A partir de este punto, debemos comenzar un análisis de las cogniciones y pensamientos que se generan en la persona cuando aparece una situación percibida como una amenaza, y las sensaciones y emociones que aparecen en torno a la misma. Es esencial que entendamos por qué la persona necesita huir y qué podemos hacer con ella tanto a nivel cognitivo como conductual para que se produzca un cambio en su percepción de la situación (reestructuración cognitiva).
Tras este proceso, será interesante que podamos comprender con el paciente todo el trasfondo de su ansiedad (orígenes, causas, funciones, etc.) y elaboremos con él un esquema para poder aproximarnos a diferentes ejemplos de situaciones problema.

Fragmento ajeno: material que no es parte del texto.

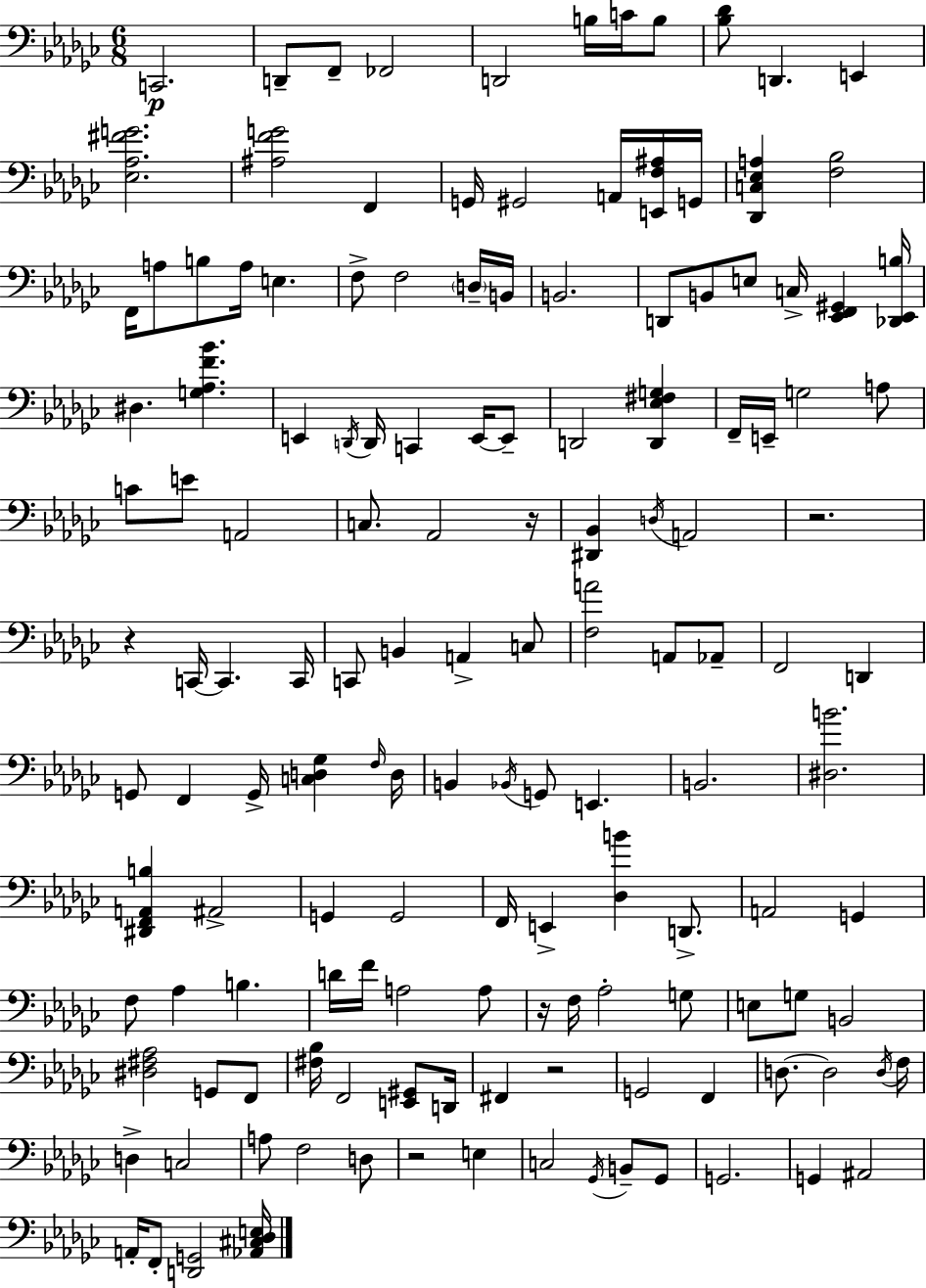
X:1
T:Untitled
M:6/8
L:1/4
K:Ebm
C,,2 D,,/2 F,,/2 _F,,2 D,,2 B,/4 C/4 B,/2 [_B,_D]/2 D,, E,, [_E,_A,^FG]2 [^A,FG]2 F,, G,,/4 ^G,,2 A,,/4 [E,,F,^A,]/4 G,,/4 [_D,,C,_E,A,] [F,_B,]2 F,,/4 A,/2 B,/2 A,/4 E, F,/2 F,2 D,/4 B,,/4 B,,2 D,,/2 B,,/2 E,/2 C,/4 [_E,,F,,^G,,] [_D,,_E,,B,]/4 ^D, [G,_A,F_B] E,, D,,/4 D,,/4 C,, E,,/4 E,,/2 D,,2 [D,,_E,^F,G,] F,,/4 E,,/4 G,2 A,/2 C/2 E/2 A,,2 C,/2 _A,,2 z/4 [^D,,_B,,] D,/4 A,,2 z2 z C,,/4 C,, C,,/4 C,,/2 B,, A,, C,/2 [F,A]2 A,,/2 _A,,/2 F,,2 D,, G,,/2 F,, G,,/4 [C,D,_G,] F,/4 D,/4 B,, _B,,/4 G,,/2 E,, B,,2 [^D,B]2 [^D,,F,,A,,B,] ^A,,2 G,, G,,2 F,,/4 E,, [_D,B] D,,/2 A,,2 G,, F,/2 _A, B, D/4 F/4 A,2 A,/2 z/4 F,/4 _A,2 G,/2 E,/2 G,/2 B,,2 [^D,^F,_A,]2 G,,/2 F,,/2 [^F,_B,]/4 F,,2 [E,,^G,,]/2 D,,/4 ^F,, z2 G,,2 F,, D,/2 D,2 D,/4 F,/4 D, C,2 A,/2 F,2 D,/2 z2 E, C,2 _G,,/4 B,,/2 _G,,/2 G,,2 G,, ^A,,2 A,,/4 F,,/2 [D,,G,,]2 [_A,,^C,_D,E,]/4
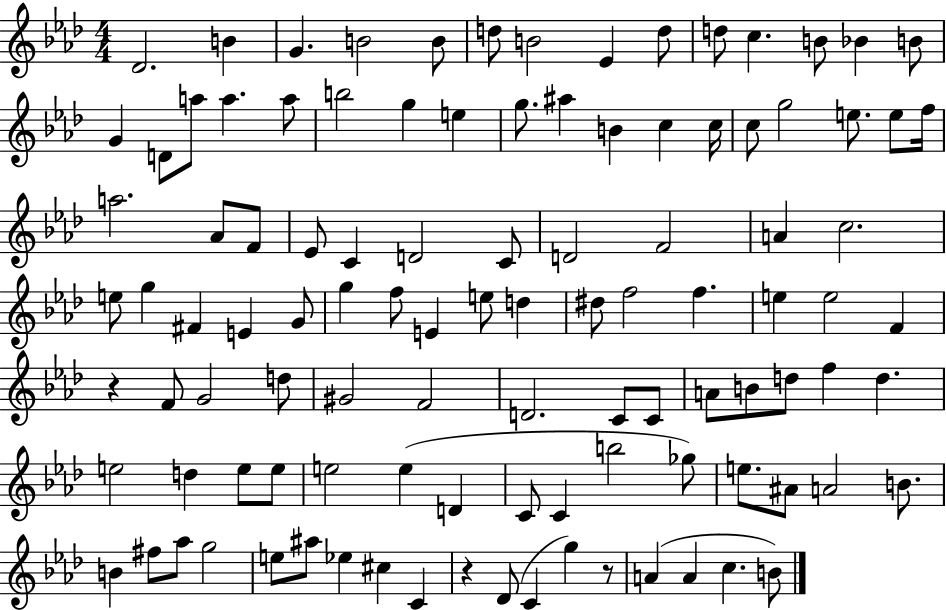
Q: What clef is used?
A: treble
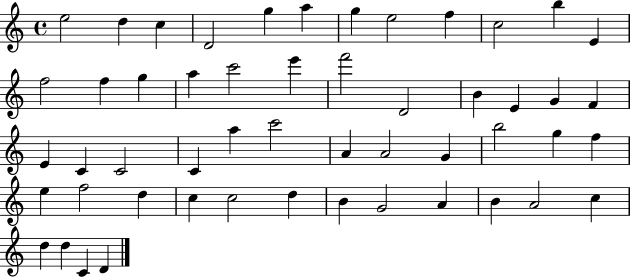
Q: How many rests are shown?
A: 0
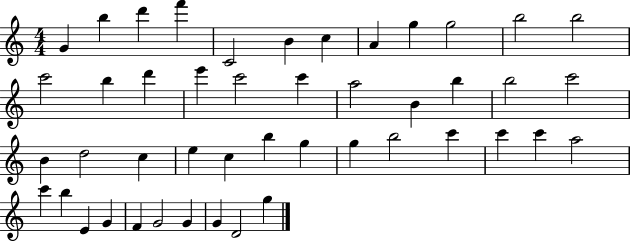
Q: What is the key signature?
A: C major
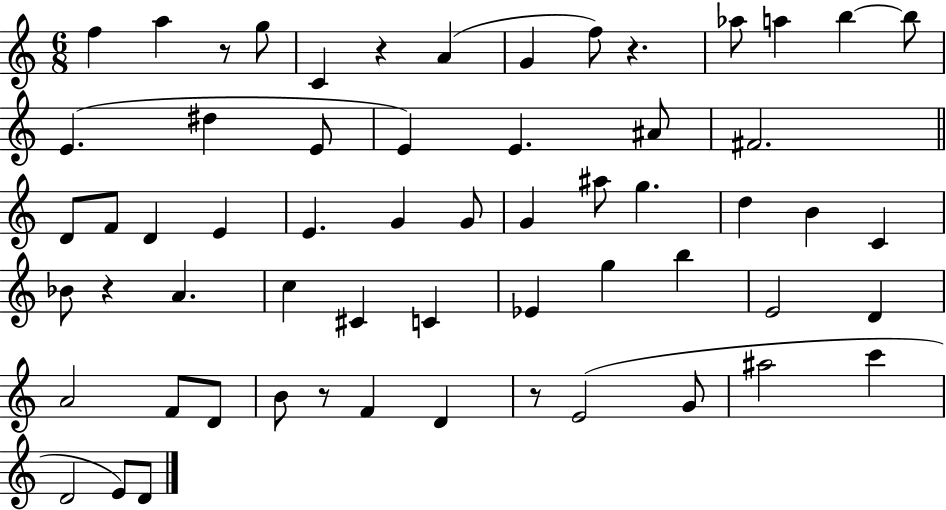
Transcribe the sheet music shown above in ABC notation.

X:1
T:Untitled
M:6/8
L:1/4
K:C
f a z/2 g/2 C z A G f/2 z _a/2 a b b/2 E ^d E/2 E E ^A/2 ^F2 D/2 F/2 D E E G G/2 G ^a/2 g d B C _B/2 z A c ^C C _E g b E2 D A2 F/2 D/2 B/2 z/2 F D z/2 E2 G/2 ^a2 c' D2 E/2 D/2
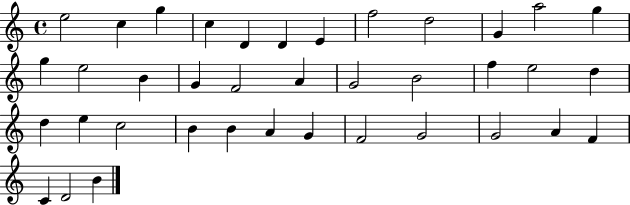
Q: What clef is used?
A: treble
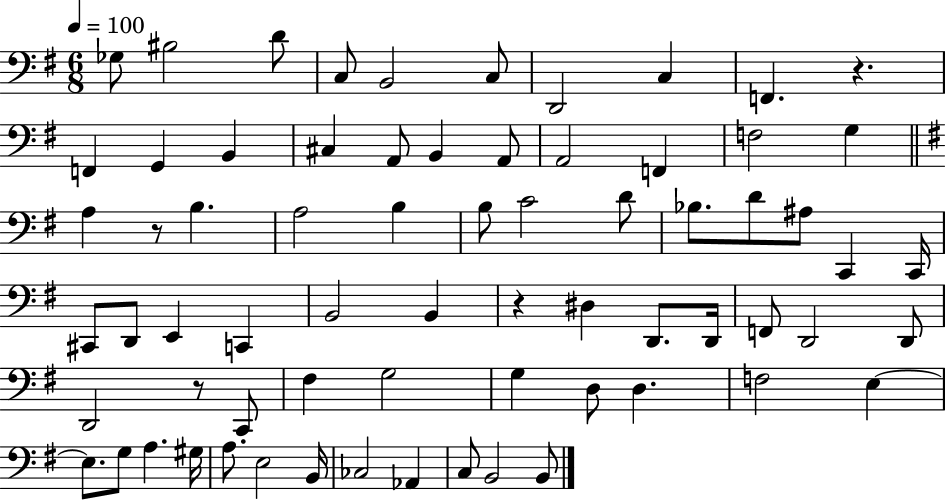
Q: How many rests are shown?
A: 4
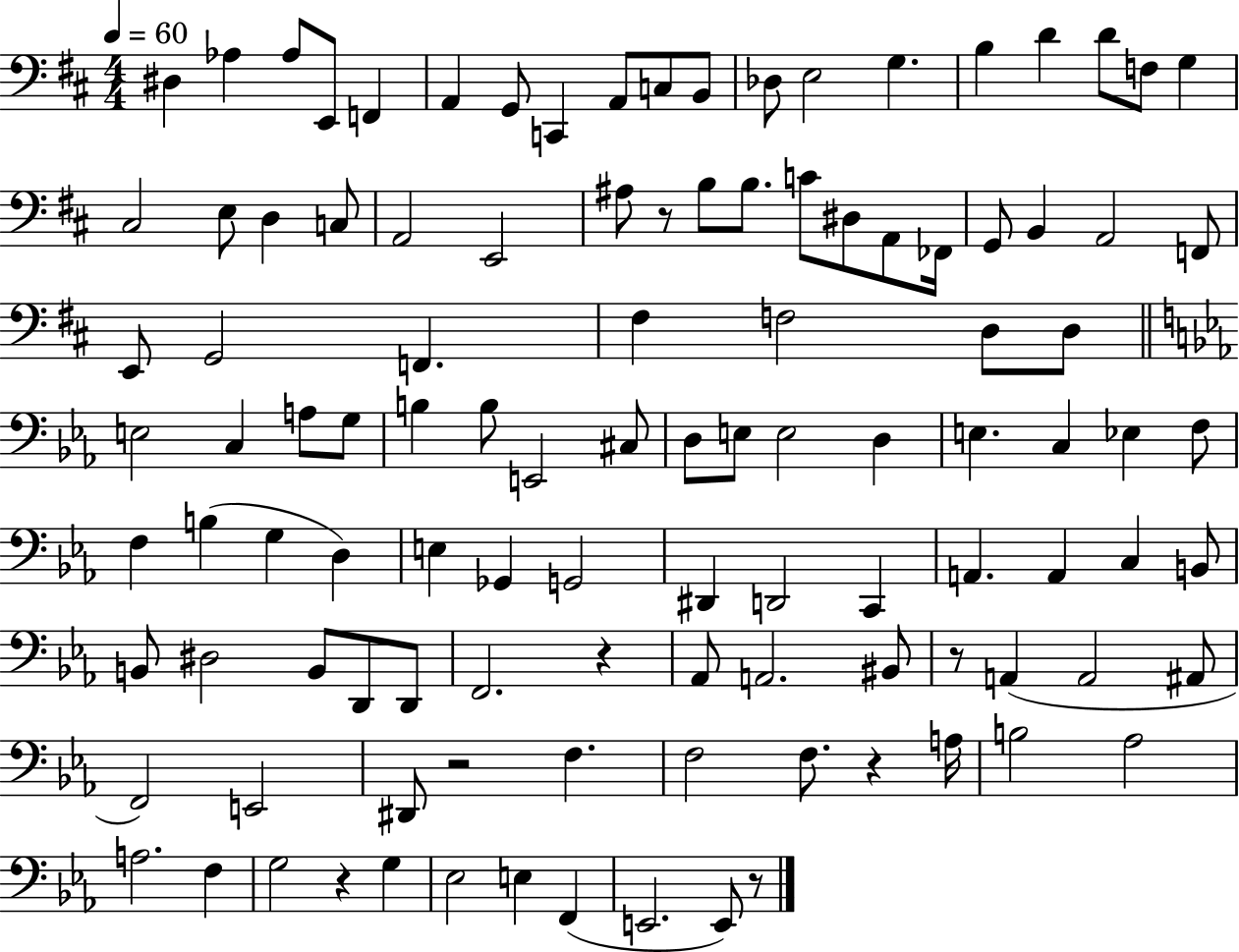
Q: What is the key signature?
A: D major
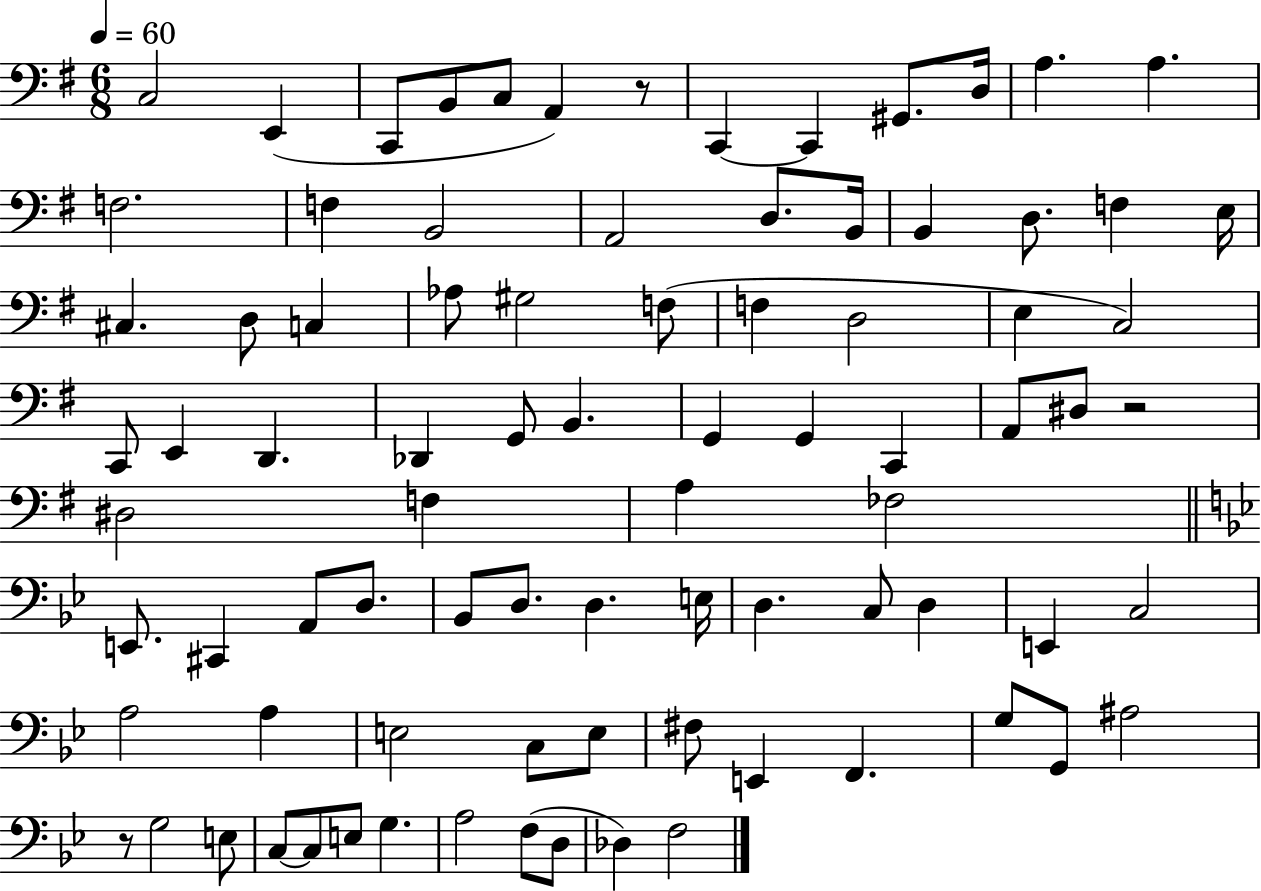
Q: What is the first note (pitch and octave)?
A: C3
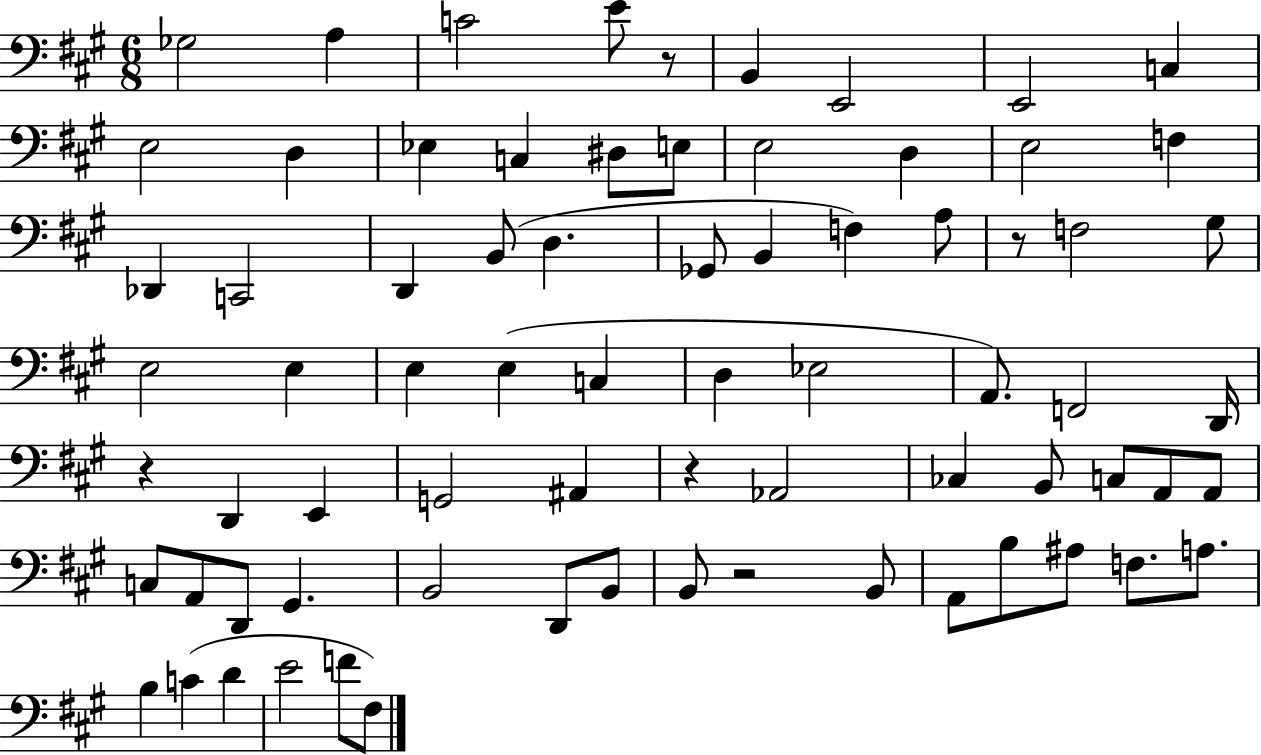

A estos ejemplos de situaciones nos expondremos progresivamente y al ritmo que el paciente pueda tolerar, primero “in vitro” (imágenes, visualización, ejemplos, etc.) y, cuando se sienta lo suficientemente preparado, “in vivo” (situación real).
Como psicólogos, nuestra función es estar atentos al sufrimiento que se puede desencadenar en cada momento, para poder redirigir la actividad hacia una más tolerable y poder analizar los diferentes factores emocionales, conductuales y cognitivos que han aparecido y cómo han podido afectar.
No se trata de empujar al paciente a enfrentar su miedo, sino de acompañarle para que pueda abordarlo al ritmo que su cuerpo y mente le permitan, para progresivamente ser capaz de manejarse de forma autónoma y saludable.